Every execution context (a thread at passive IRQL or a DPC running at dispatch IRQL) is associated with the point in time when execution began (i.e., the value of the _ebpf_current_epoch clock at the point where it began execution). All memory that the execution context could touch during its execution is part of that epoch.
When memory is no longer needed, it is first made non-reachable (all pointers to it are removed) after which it is stamped with the current epoch and inserted into a "free list". The timestamp the is point in time when the memory transitioned from visible -> non-visible and as such can only be returned to the OS once no active execution context could be using that memory (i.e., when memory timestamp <= _ebpf_release_epoch).
Work items
In some cases code that uses the epoch module requires more complex behavior than simply freeing memory on epoch expiry.
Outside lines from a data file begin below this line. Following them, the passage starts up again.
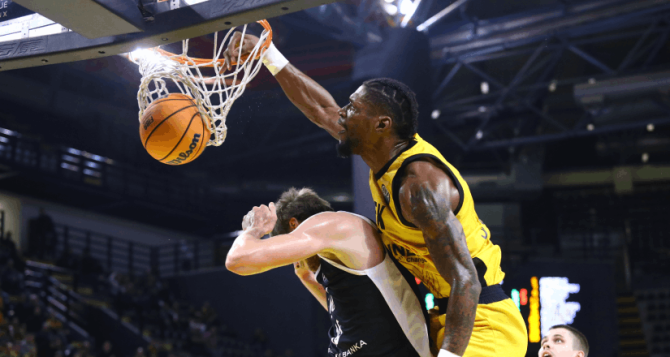 Κάρφωμα του Σίλβα για κάδρο στο… Λούβρο και η σπόντα του BCL (VID)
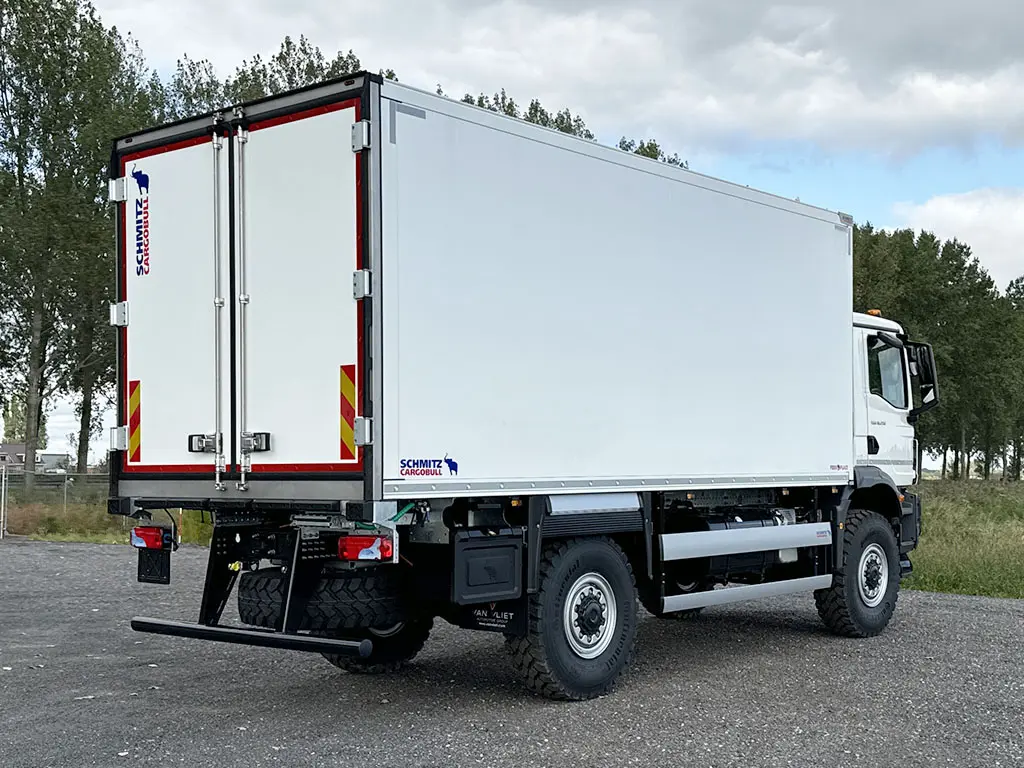 MAN TGM 18.250 BB CH Refrigerated Box Truck 4x4 5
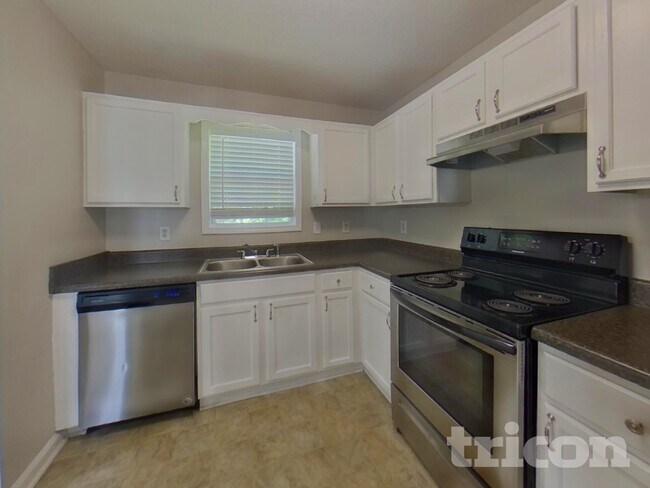 Photo - 708 Newport Dr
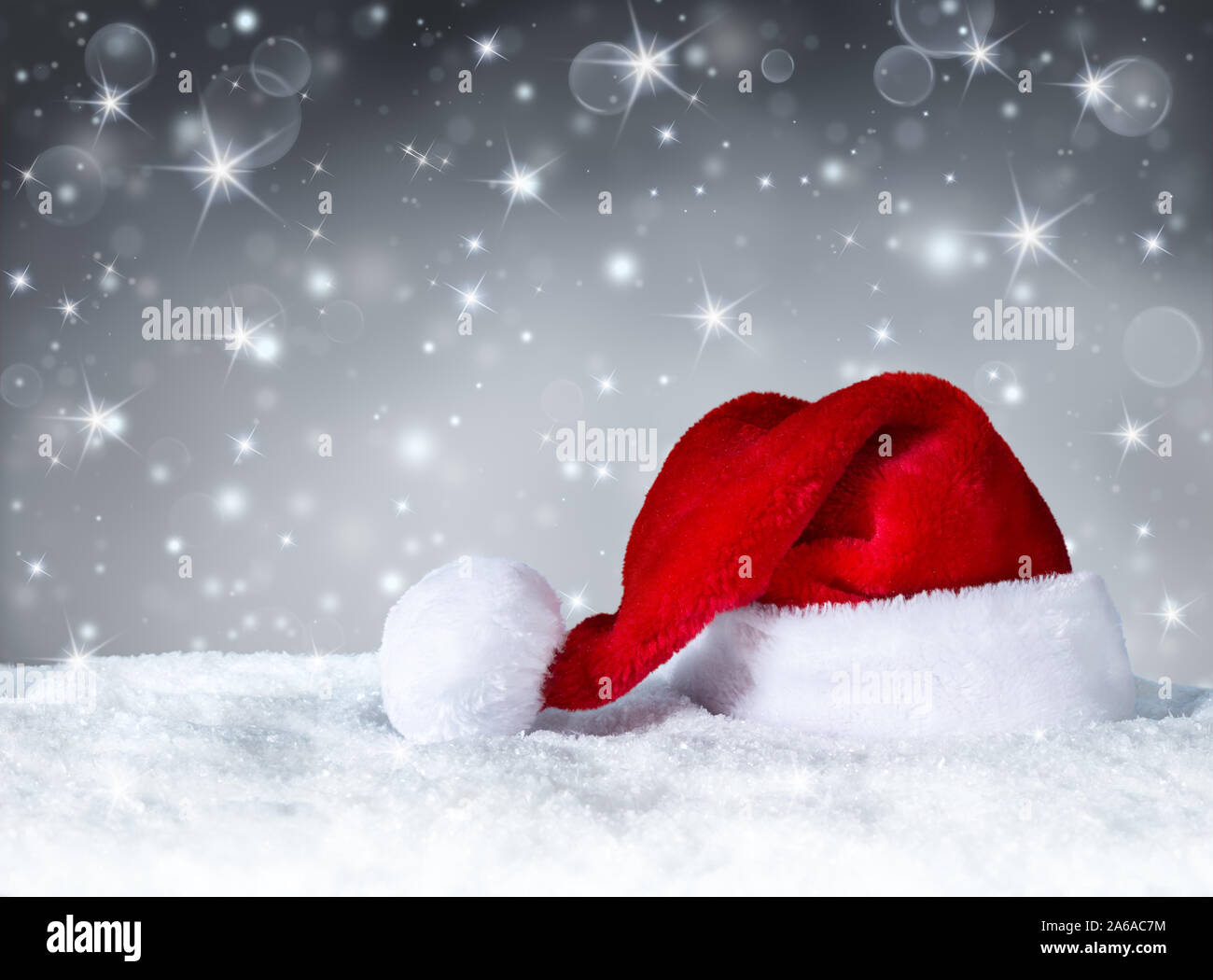 Santa Claus hat avec de la neige et de l'argent fond neige Banque D'Images
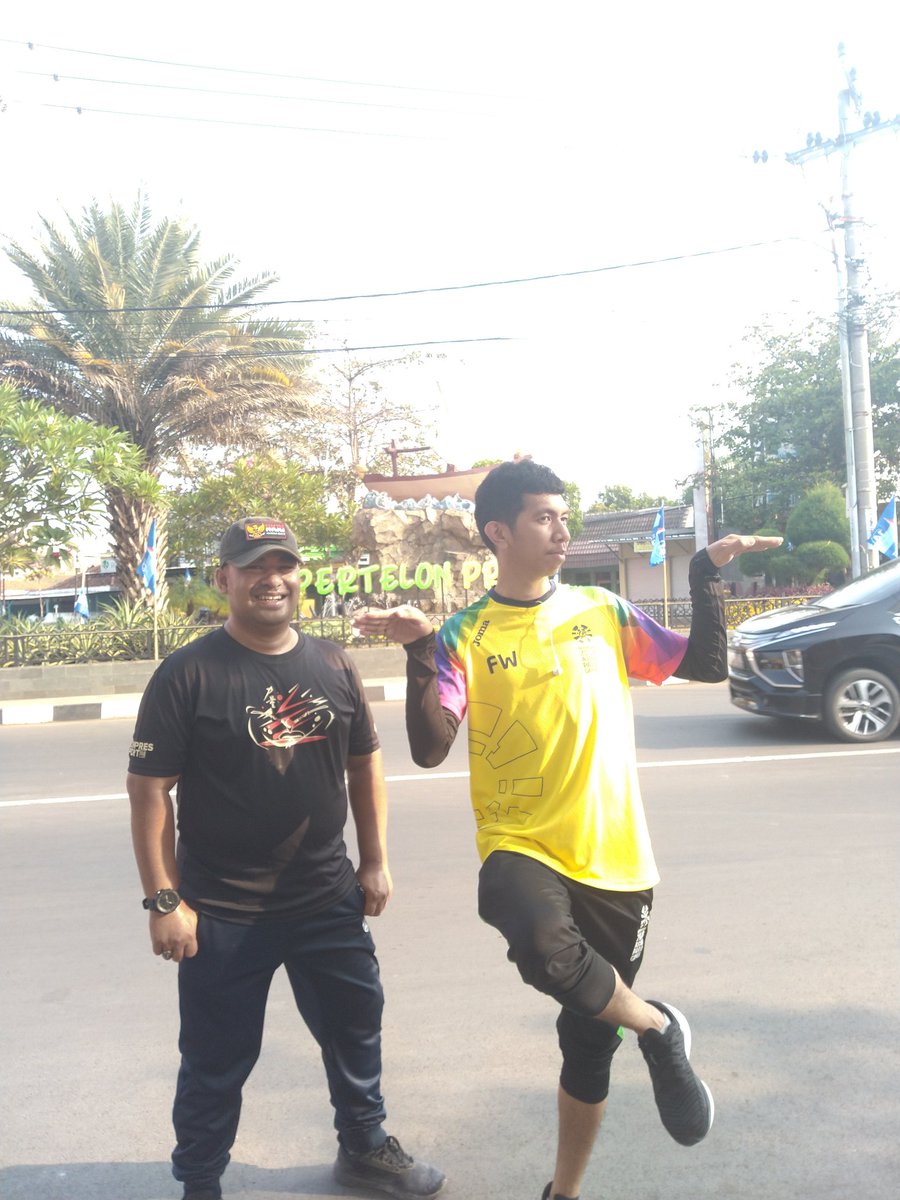 dimassetiaditya's tweet photo. Hidup itu harus seimbang.
Kadang gila, kadang malu-maluin
π₯΄π₯΄π₯΄
#OrangGilaMahBebas
#Indramayu
#IndramayuRunner
#PushMyLimit
#TGIF
#ThanksGodItsFriday
@indramayukab @kotaindramayu
@twtjogging https://t.co/zmbSueEGC4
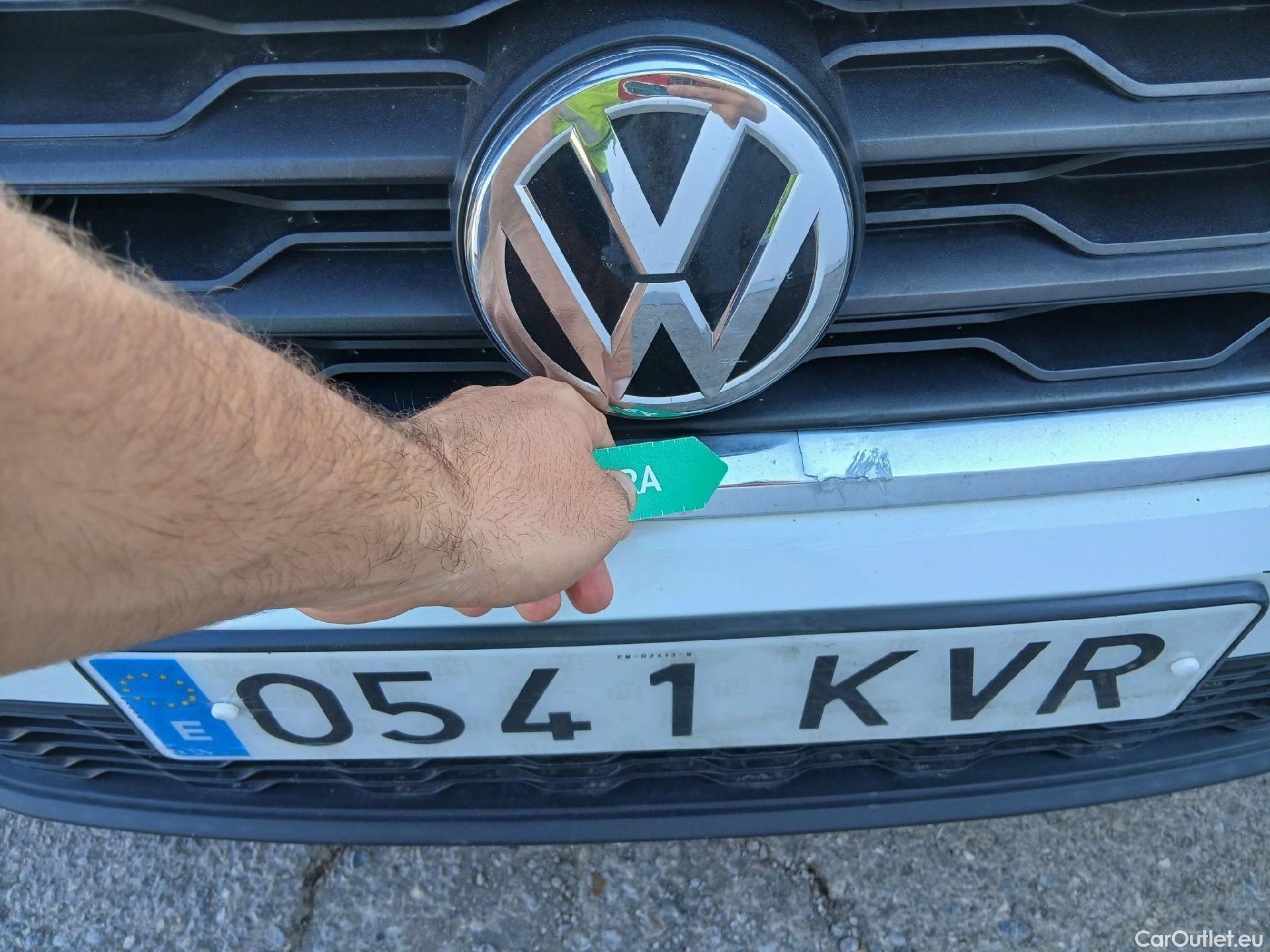  Volkswagen  T-ROC VOLKSWAGEN  / 2017 / 5P / todoterreno Edition 1.6 TDI 85kW (115CV) #3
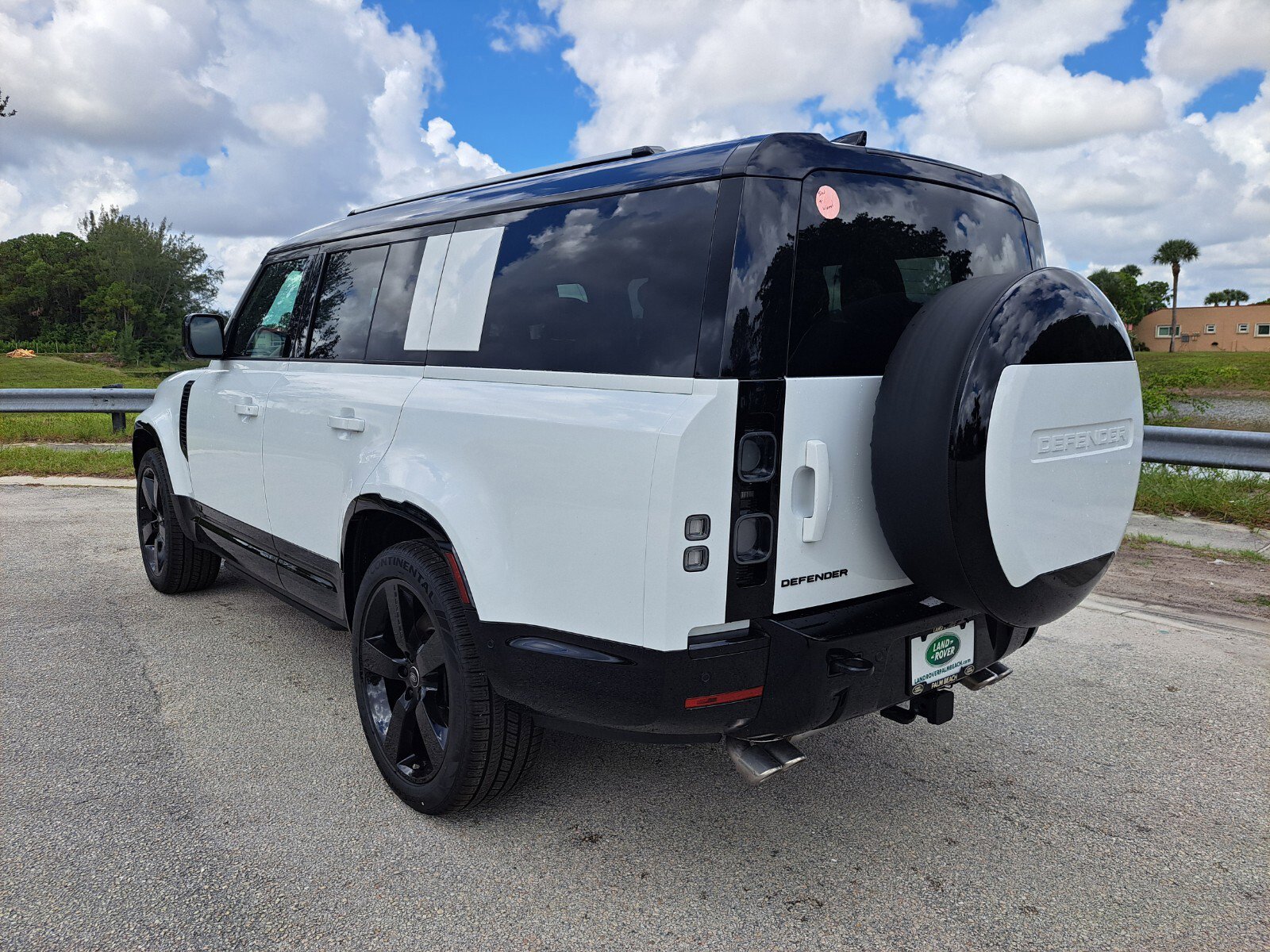 New 2025 Land Rover Defender 130 V8 image 2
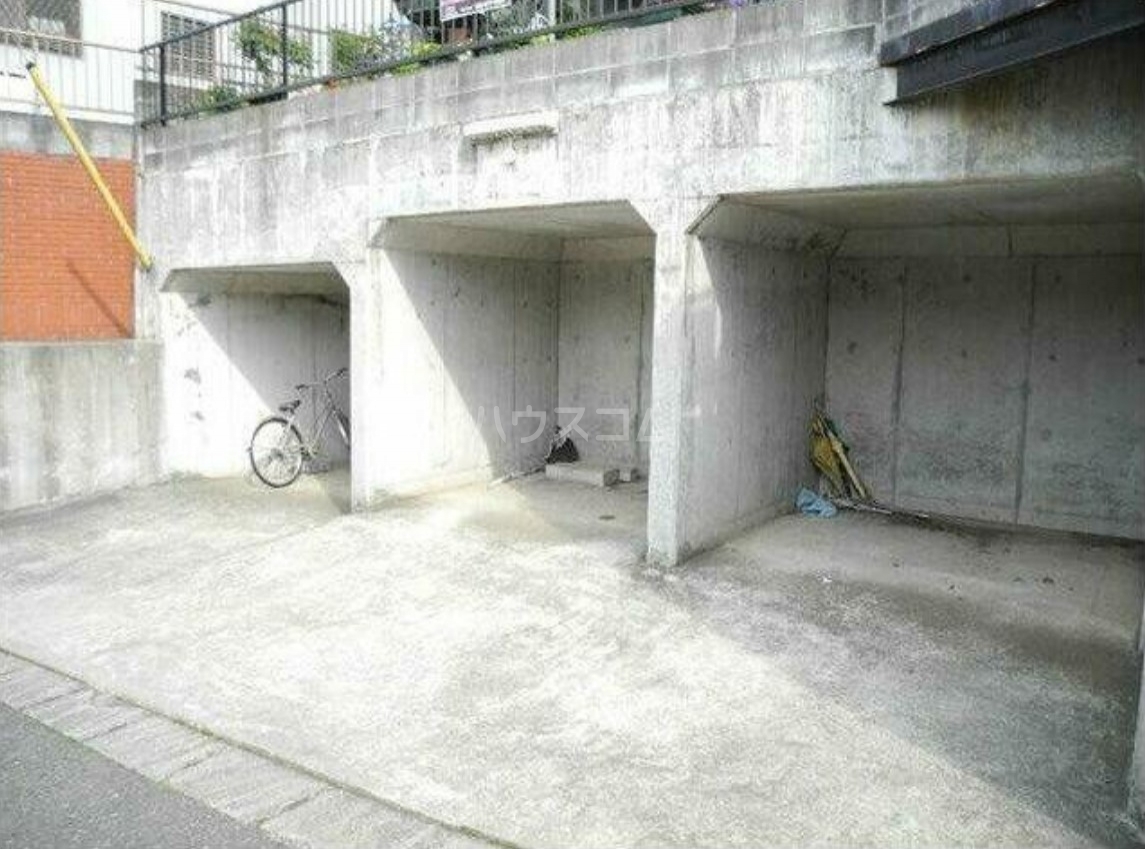 20/24 駐車場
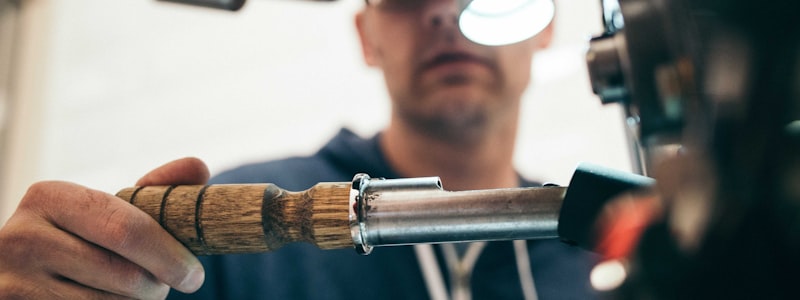 城市夜跑活动场景 - 跑者队伍在夜晚的城市街道形成一条流动的光带，充满活力与坚持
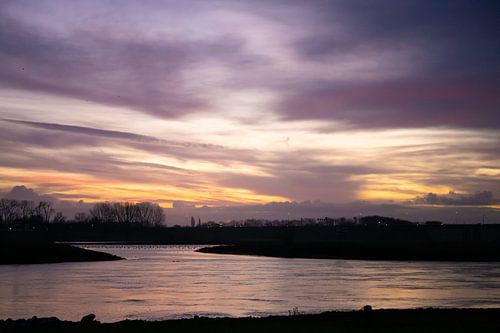Sonnenaufgang am frühen Morgen von Linda Schellevis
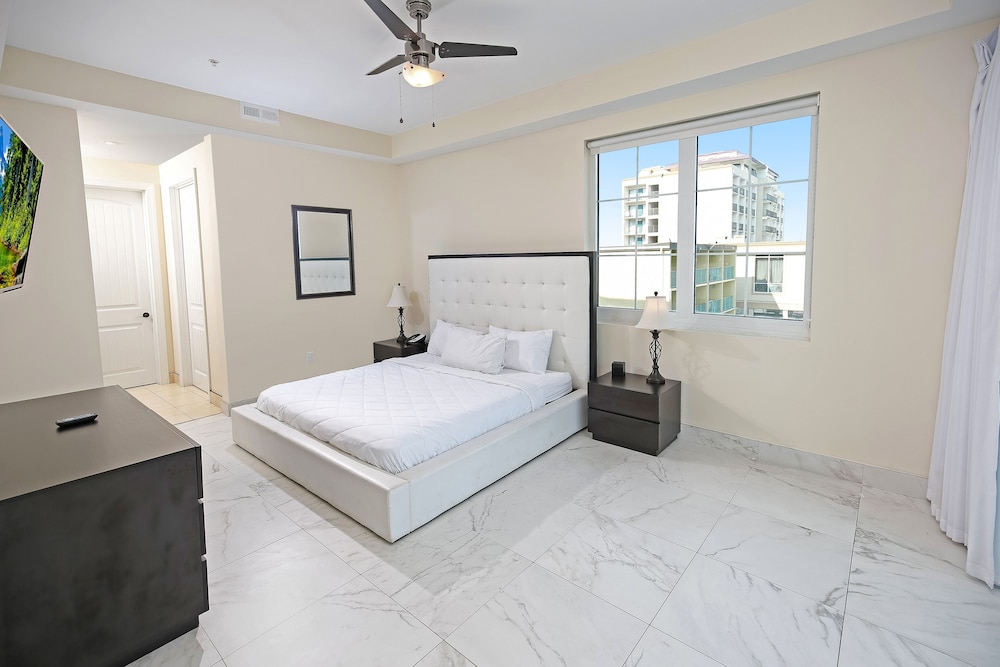 Bali Bay Resort 24/75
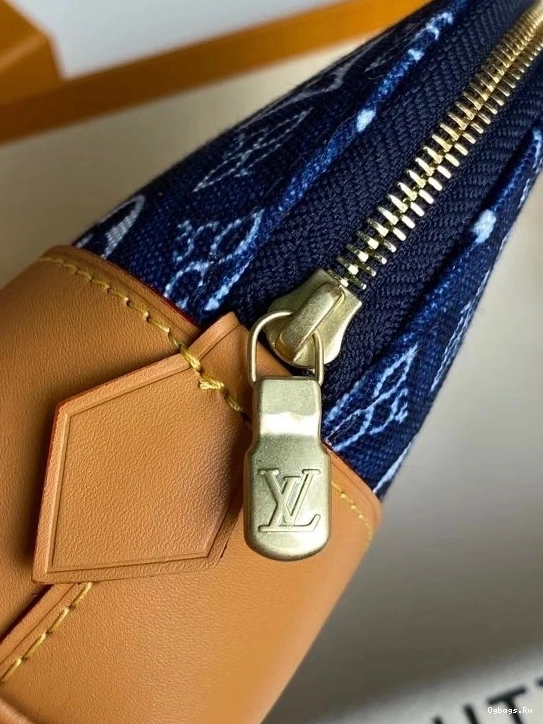 SINCE PM LOUIS VUITTON COSMETIC POUCH 1854 0329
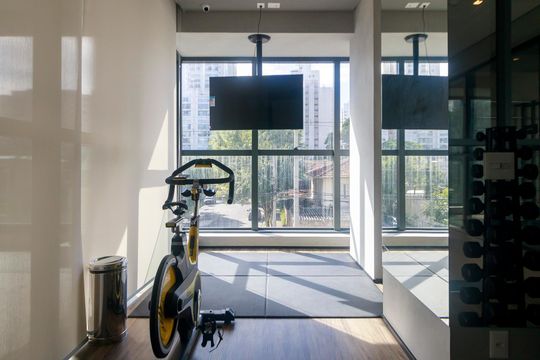 Venda de apartamento no Brooklin com 2 quartos, varanda e condomínio com piscina e churrasqueira. — Área comum - Academia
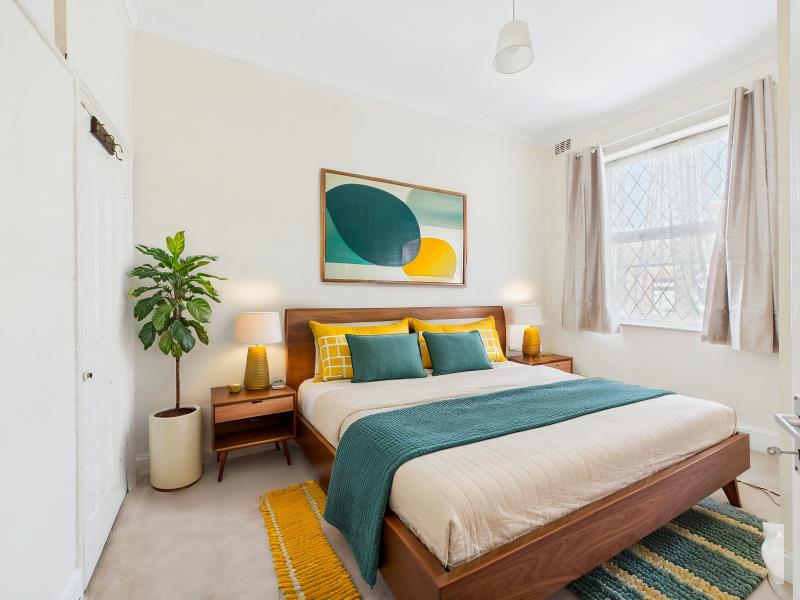 Barrington Street :: Clayton image 8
To permit this behavior, the epoch module exposes ebpf_epoch_schedule_work_item which can be used to run a block of work when the current epoch becomes inactive (i.e., when no other execution contexts are active in this epoch). This is implemented as a special entry in the free list that causes a callback to be invoked instead of freeing the memory. The callback can then perform additional cleanup of state as needed.
Future investigations
The use of a common clock leads to contention when the memory state changes (i.e., when memory is freed). One possible work around might be to move from a clock driven by state change to one derived from a hardware clock. Initial prototyping seems to indicate that the use of "QueryPerformanceCounter" and its kernel equivalent are more expensive than using a state driven clock, but more investigation is probably warranted.